Self-Subjugation among Women: How the Need to Justify the System Increases Women’s (but not Men’s) S

Rachel M. Calogero, Virginia Wesleyan College

Conference: ISPP 2011
Research Area: Social inequality and social change

In the present research, we investigate the possibility that self-objectification might be activated by broader environmental antecedents that convey information about culturally prescribed gender roles and behaviors––without focusing on appearance. Incidental exposure to sexist cues was employed in three experiments to investigate its effect on self-objectification in women and men.
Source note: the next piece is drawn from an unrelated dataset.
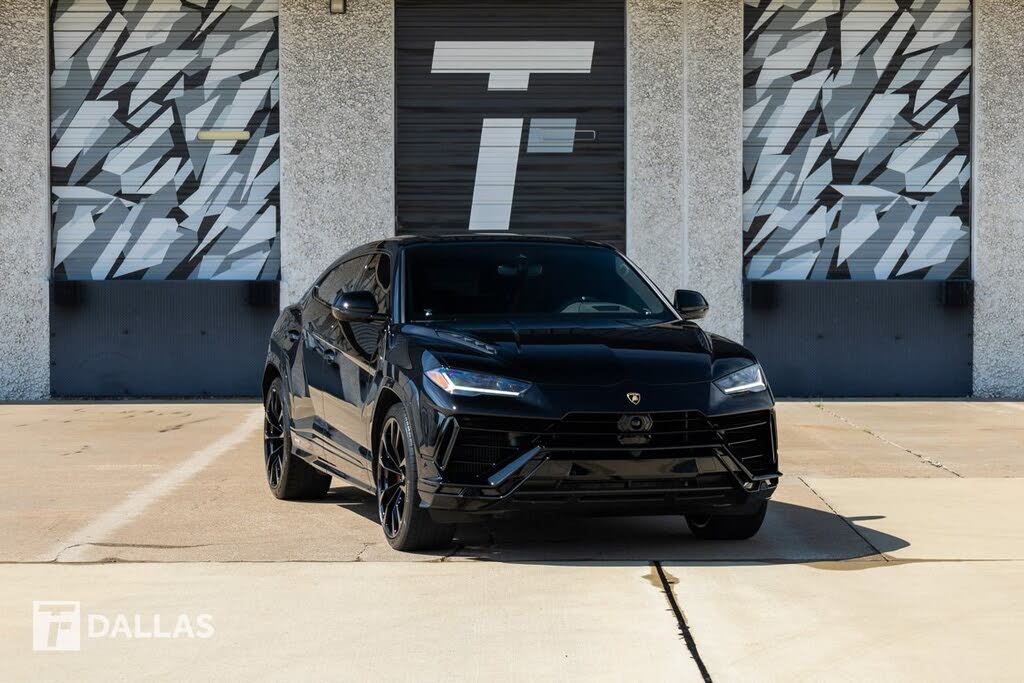 2023 Lamborghini Urus S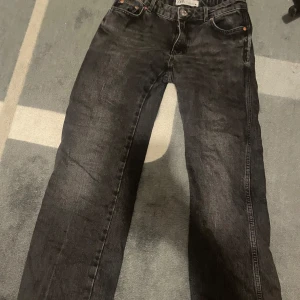 Lågmidjade jeans - Jättesnygga lågmidjade straight leg jeans från zara!!<3 De är dock lite slitna där nere, utom det skulle jag säga att de är i gott skick.  Tryck gärna på köp nu knappen!!💓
Consistent with system justification theory, exposure to benevolent and complementary forms of sexism, but not hostile or no sexism, increased state self-objectification, self-surveillance, and body shame among women but not men in Experiment 1 and 2. In addition, we found that women planned more future behaviors pertaining to appearance management than did men following exposure to benevolent sexism only; and this effect was mediated by self-surveillance and body shame. Experiment 3 revealed that the need to avoid closure may afford women some protection against self-objectification in the context of sexist ideology. Together, these findings suggest that self-objectification is actually situated within a more extensive ideological network that justifies and maintains gender inequality by encouraging women’s active participation in upholding the prevailing social norms that perpetuate their disadvantaged status.